__Data shown__
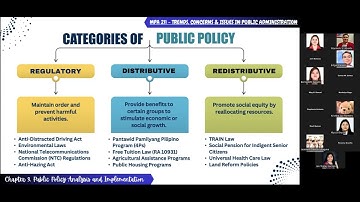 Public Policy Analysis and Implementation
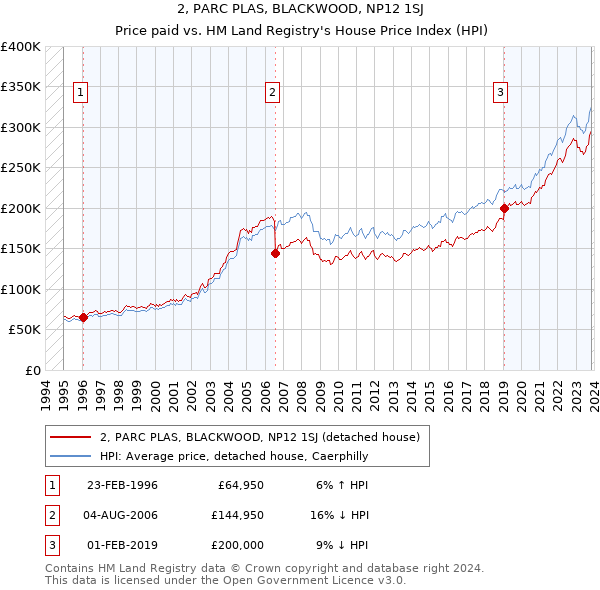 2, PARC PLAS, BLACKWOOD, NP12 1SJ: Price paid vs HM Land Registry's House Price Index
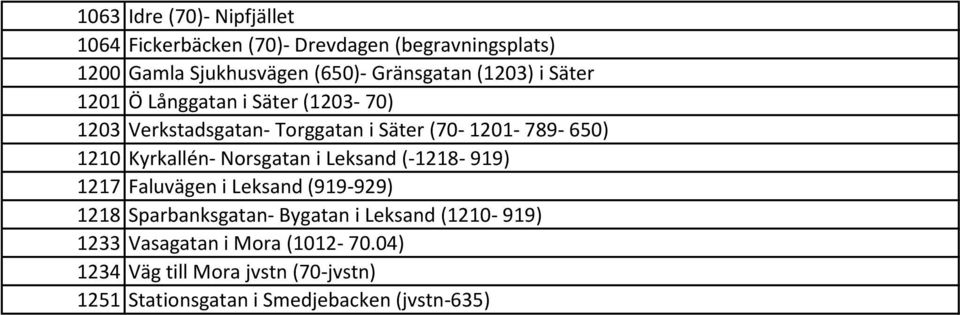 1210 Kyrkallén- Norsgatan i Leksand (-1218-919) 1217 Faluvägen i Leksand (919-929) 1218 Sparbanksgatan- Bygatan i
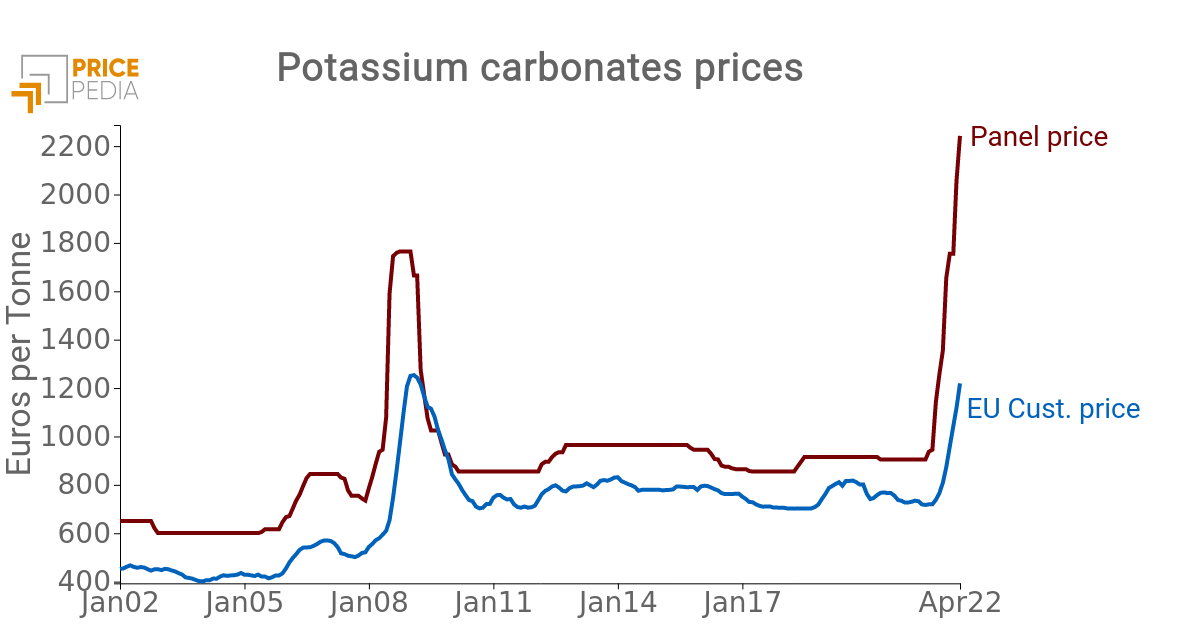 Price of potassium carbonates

__Directions for this task__
Go through the material above and repeat it exactly. Omit the pictures.

__Worked solution__
 Public Policy Analysis and Implementation
 2, PARC PLAS, BLACKWOOD, NP12 1SJ: Price paid vs HM Land Registry's House Price Index
 1210 Kyrkallén- Norsgatan i Leksand (-1218-919) 1217 Faluvägen i Leksand (919-929) 1218 Sparbanksgatan- Bygatan i
 Price of potassium carbonates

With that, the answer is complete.